Zresztą historia w pewnym stopniu zatoczy koło jak do tego dojdzie:
Tak, jak pisałem, jest to chwyt erystyczny, który w 99% przypadków ma na celu ośmieszenie lub degradację przeciwnika.
W 1% przypadków może ma coś wspólnego z rzeczywistością.
Odwołanie się tutaj do Hitlera nie jest za bardzo trafne, bo słynny akwarelista o konieczności “oczyszczenia” społeczeństwa rasy panów z “podejrzanego elementu” mówił od początku; nie była to hiperbola używana przez jego przeciwników na potrzeby walki politycznej (“jak zagłosujecie na Hitlera, to będzie on uciskał Żydów”), ale element programu, od początku jawnie głoszony.

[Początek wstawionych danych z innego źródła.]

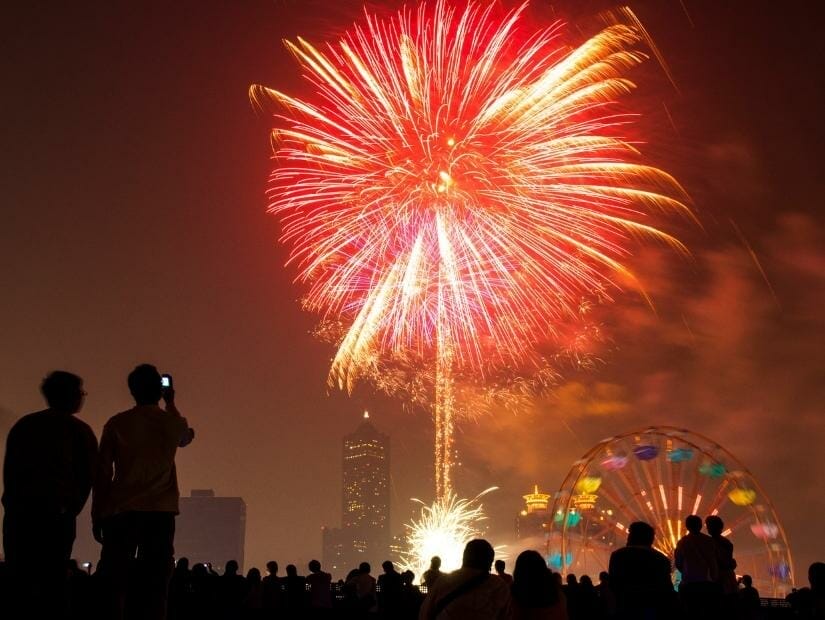 Some people standing watching fireworks with a Ferris wheel at Kaohsiung's Dream Mall below them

Jednak w tym przypadku też można zauważyć działanie pewnej formy sofizmatu rozszerzenia w sferze politycznej. W zasadzie przecież cała propaganda NSDAP na tym gruncie opierała się na jednej wielkiej hiperboli, która miała trafiać do serc tępych mas. Zamiast mówić o konkretnych aspektach życia w Niemczech, które byłoby zasadne wg nich zmienić, Goebbels i spółka rysowali po prostu z rozmachem apokaliptyczną wizję, że Żydzi wszystkim sterują, spiskują itd.